The panels in Figs. 2a and 3g plot the individual Spearman rho correlation statistics for complementary SS, compared to the two least biased epidemic trackers (ONSincid and ONSprev) in moving time windows. The same time series are plotted together in Supplementary File S1, Figures S2 and S3. The supplementary plots evidence that new hospital admissions for patients with Covid strongly related to ED attendances syndromically assigned as Covid-19, as indicated by high visual correspondence between these two time series on Figure S2. Otherwise, for most time series, they do not very obviously follow similar trajectories as each other on Figures S3 and S4. The plotted correlation values are for day 16 within each moving 31 day duration window. Concurrent dominant COVID-19 variant is also indicated by a colour-coded line that intersects the vertical axis at 0.5.

Fig. 2.

Moving 31 day correlations, complementary trackers against least biased incidence tracker (ONSincid). Notes: Y-axis is Spearman rho; month on x-axis (1 September 2021 to 19 June 2022). Line to colour code concurrent variant dominance in each point intersects 0.5 on the vertical axis

Fig. 3.

Moving 30 day correlations, complementary trackers against least biased prevalence tracker (ONSprev). Notes: Y-axis is Spearman rho; month on x-axis (1 September 2021 to 19 June 2022). Line to colour code concurrent variant dominance in each point intersects 0.5 on the vertical axis

Visually, on all the graphs the Spearman rho varies considerably over the study period with multiple cycles of low correlation followed by periods of higher correlation. This variability appears greater for complementary SS based upon hospital data (e.g. EDSS, C19PRinH, HospAdm) than for other SS. Correlations with ONSprev are generally higher than with ONSincid. In many complementary SS, these dips to lower correlation appear to happen about the same time and don’t tend to occur at the same time as changes in the dominant variant. For instance, on multiple systems there appears to be a dip in correlations around November-December 2021 and another dip around February 2022 and the start of June 2022. HospAdm and EDSS correlate consistently well with ONSprev after February 2022 and apart from two short periods, ZOE correlates well with ONSprev over the entire study period.
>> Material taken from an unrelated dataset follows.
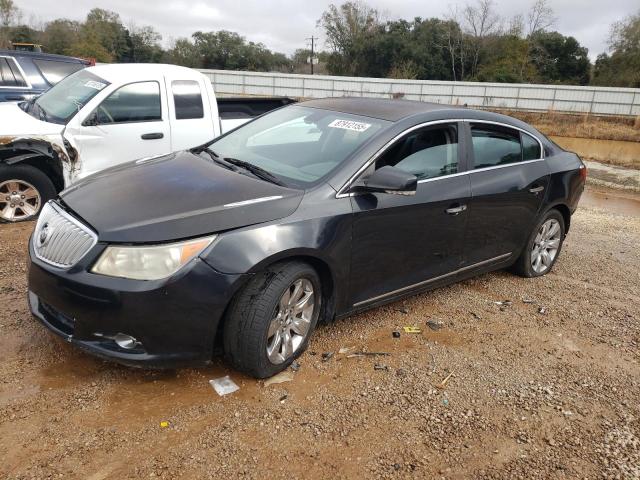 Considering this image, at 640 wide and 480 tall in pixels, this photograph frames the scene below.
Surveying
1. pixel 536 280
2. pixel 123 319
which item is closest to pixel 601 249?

We hypothesised that changes in correlation would concur with changes in the dominant variant. However, visually, during the transition period from Delta to Omicron BA.1 (December 2021), correlations were rising or remained consistently high, there was no apparent dip. Around the time of variant transition from BA.1 to BA.2 (late February 2022), all complementary trackers had poor (generally declining) correlation with the ONSincid and ONSprev. However, these BA.1 to BA.2 dips were mostly small or similar to other fluctuations in correlation over the monitoring period shown in Figs. 2 and 3 panels.

Discussion

In a previous comparison of SS [2020–2021; 13] we found that P12 closely tracked the least biased indicator (ONSincid), with a whole-period Spearman rho of 0.95 (95%CI 0.92–0.95). Here we focus upon the period where the dominant COVID-19 variant changed from Delta to Omicron BA.1 and then to Omicron BA.2. We found a much lower whole-period correlation between P12 and ONSincid (0.53 (95%CI 0.45–0.59)) and the ascertainment ratio dropped from 42.9% at the start of the period when the Delta variant dominated to 8.9% by the time BA.2 became dominant. There are several likely reasons for reduction in sensitivity over time. It seems likely that fewer people chose to get tested in the late UK epidemic period, but each surveillance system also exhibited increased variability in January-June 2022. Bajaj et al. [30] found that counts of Pillar 2 PCR tests taken/100 persons per day noticeably fell between 11 January and 31 March 2022 when rapid antigen (lateral flow device) tests were still available for free but no-cost access to Pillar 2 PCR tests was withdrawn. Other reasons for declines in epidemic tracker sensitivity possibly include an increasingly vaccinated population experiencing mostly re-infections with variants (Omicron) which have been associated with less severe symptoms than Delta and earlier variants. Less severe symptoms would result in lower usage of health services, fewer cases detected through surveillance and reduced sensitivity of Pillar 1 tests [31]. Attitudes about individual duty to contribute to infection control probably also changed. On 21 February 2022 the UK announced a “Living with Covid” plan [32, 33] which meant withdrawal of all free COVID-19 antigen or PCR tests by 31 March 2022, making it both harder to obtain tests and also seemingly less important to know one’s own case status. When the BestET were compared to CompSS, like in our previous analysis, ZOE was particularly correlated with ONSincid and ONSprev. ZOE also maintained relatively high ascertainment ratios with ONSincid and ONSprev. This is to be expected because ZOE incorporated recent ONS data to generate their estimates.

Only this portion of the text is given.